No pictures, please. Copy exactly the lines from the one with "Young girl wearing" through the final line below.

▸ **Short web captions**
=== Section Start ===

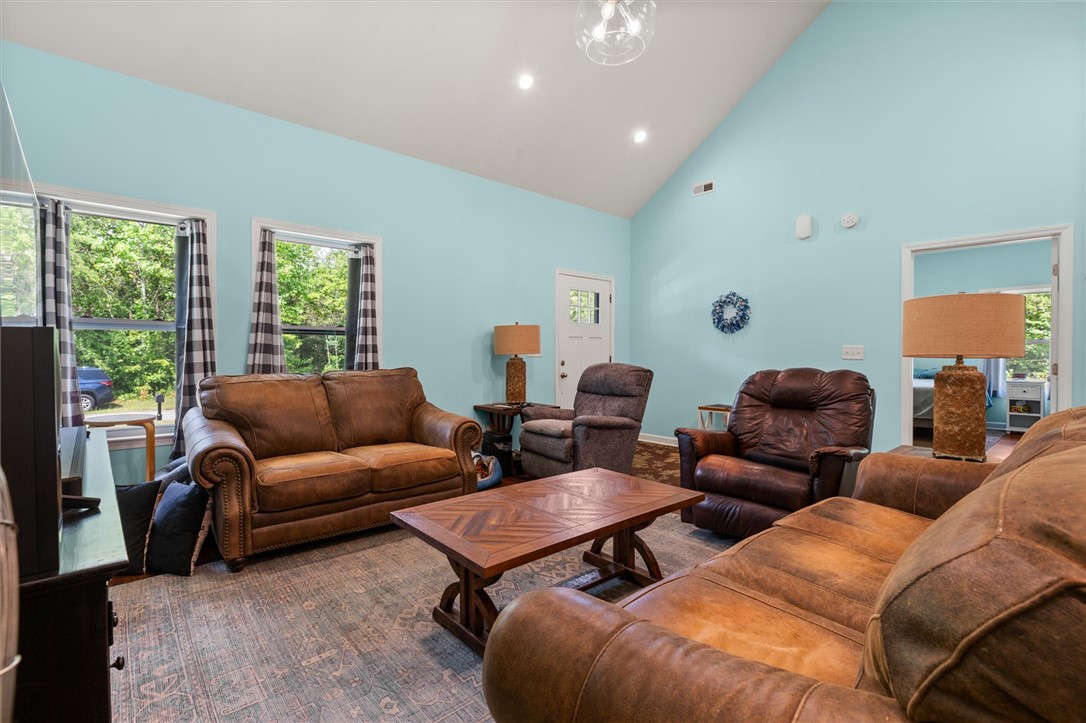 67 Sawblade Ridge Marietta, SC 29661 - Photo 10 of 37 This inviting living space features high ceilings and abundant natural light.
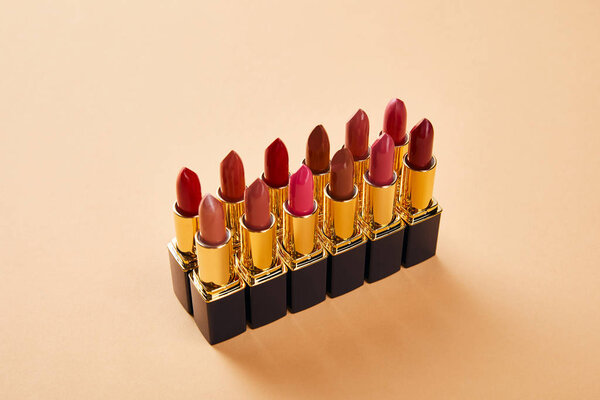 various shades of lipstick in tubes on beige 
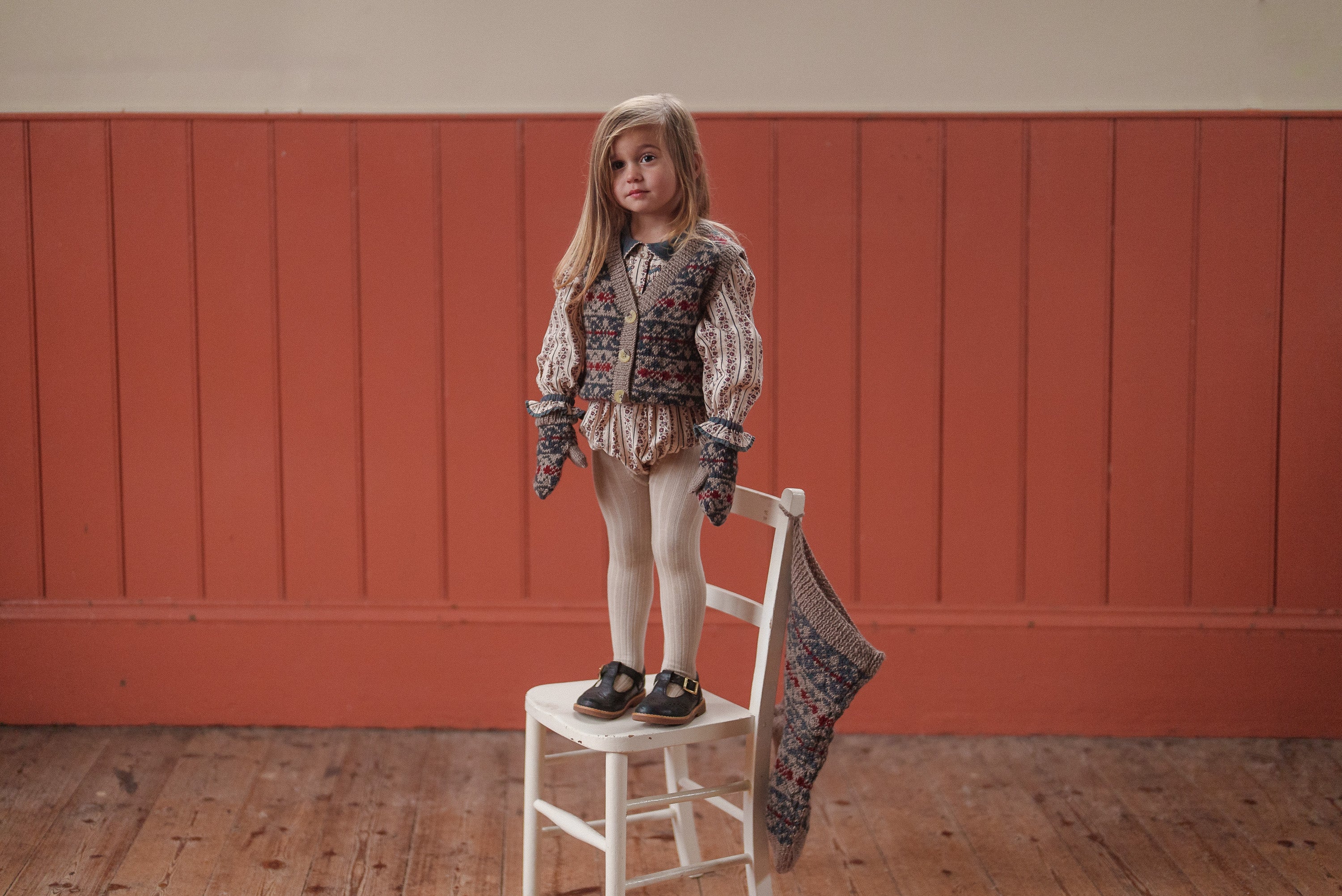 Young girl wearing a vintage-style organic cotton romper with floral patterns, standing on a white wooden chair in a warm, natural-toned room.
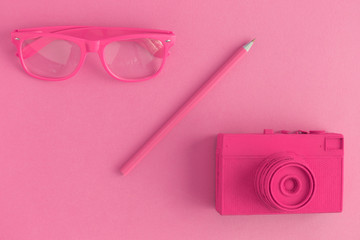 Pink objects on pink background minimal creative photography concept.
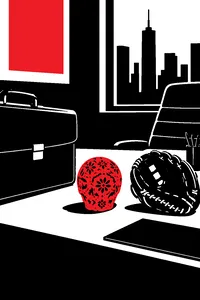 A small ornate golden skull on a corporate desk between a briefcase and a baseball glove.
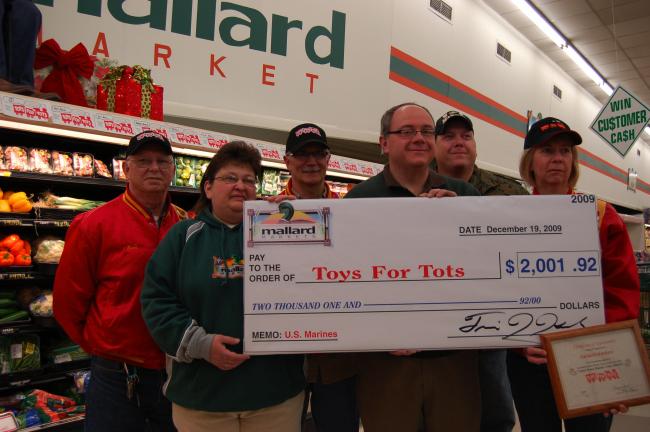 Gail Maholick/TIMES NEWS Mallard Market donated $2,001.92 to the Schuylkill-Carbon Marine Corps League Detachment 626. From left are, Leon Frohnheiser, Kelly Swartz, store manager; James A. Laub, commandant; Harry Nonnemacher, Frank Kuhn and Cheryl…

=== Section End ===

▸ **Exercise solution**
 Young girl wearing a vintage-style organic cotton romper with floral patterns, standing on a white wooden chair in a warm, natural-toned room.
 Pink objects on pink background minimal creative photography concept.
 A small ornate golden skull on a corporate desk between a briefcase and a baseball glove.
 Gail Maholick/TIMES NEWS Mallard Market donated $2,001.92 to the Schuylkill-Carbon Marine Corps League Detachment 626. From left are, Leon Frohnheiser, Kelly Swartz, store manager; James A. Laub, commandant; Harry Nonnemacher, Frank Kuhn and Cheryl…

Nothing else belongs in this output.